The results for our standard platform (Pentium MMX 200 MHz) are shown below:

| Test                            | no cache | cached   | cache effect |
|---------------------------------|----------|----------|--------------|
| CPU test: first load.           | 882 us   |          |              |
| CPU test: ICache effect         | 869 us   | 136.4 us | 6.4          |
| MEM write test                  | 400 us   | 392.3 us | 1.02         |
| MEM read test                   | 658 us   | 399.0 us | 1.7          |
| Average caching effect (CPU and | I MEM)   |          | 3.0          |

On the beagle platform, the same test gives following results:

| Test                                 | no cache | cached  | cache effect |
|--------------------------------------|----------|---------|--------------|
| CPU test: first load.                | 399.5 us |         |              |
| CPU test: ICache effect              | 230.1 us | 31.5 us | 7.3          |
| MEM write test                       | 29.1 us  | 21.1 us | 1.4          |
| MEM read test                        | 44.2 us  | 21.2 us | 2.1          |
| Average caching effect (CPU and MEM) |          |         | 3.6          |

The results show similar behaviour as on the Pentium MMX 200MHz:

- Instruction cache has most impact on performance (you need to get each instruction from RAM, while there are always less than one memory accesses for each instruction). Remark that this test is built on purpose and thus an extreme worst case that in practice will never occur (you will never have >100KB instructions without loops in real environments).
- Write can be postponed, so it has less impact
- As read is blocking, it has more impact than the writes.



# Dedicated Systems

## **RTOS Evaluation Project**

Doc: EVA-2.9-TST-QNX-ARM-65

Issue: draft 3.10

If we compare the Beagle platform with our standard evaluation platform (Pentium MMX 200MHz) then we can conclude:

- The memory accesses on the Beagle platform are much faster than on the Pentium reference platform by a factor of 10 to 15. When cached, the difference is even more impressing
- Instruction loading outside the cache is not that fast compared with the Pentium. This will of course depend on the type of code. As the x86 has variable instruction lengths, most of the time the generated assembler code on the Pentium will be compacter and thus relatively faster to load.
- The performance differences between both boards depends largely on the type of the test and if cached or not. In the worst case, the 1GHz ARM is only marginally faster than the Pentium MMX 200MHz (un-cached instruction loading), but in the best case the difference is about a factor of 8 (cached writes). Thus, the relative performance between both platforms will enormously depend on the test scenario!

Because of the serious impact caused by not having your instructions in the cache, you should take extra safety margins in real-time behaviour (worst case is less predictable) on this platform.

Remark as well that the first load of code introduces some extra delay.

## 4.2 Clock tests (CLK)

The clock test measures the time that an operating system needs to handle its clock interrupt. On the tested platform, the clock tick interrupt is set on the highest hardware interrupt level, interrupting any other thread or interrupt handler.
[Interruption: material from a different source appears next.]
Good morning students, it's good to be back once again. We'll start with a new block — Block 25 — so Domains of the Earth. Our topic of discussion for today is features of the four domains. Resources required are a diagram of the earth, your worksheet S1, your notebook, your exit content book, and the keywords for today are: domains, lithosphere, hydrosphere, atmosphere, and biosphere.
### 4.2.1 Operating system clock setting (CLK-B-CFG)

This test is done in order to examine the setting of the clock tick period in the operating system. This test shows the default clock timing as they are set by the OS.

For this test, the nanosleep() POSIX function call is used. Following POSIX, the delay should be based on the clock tick. The "nanosleep" function always pauses for at least its specified time, but however it can take up to one clock tick more than its specified time until the process becomes run-able again.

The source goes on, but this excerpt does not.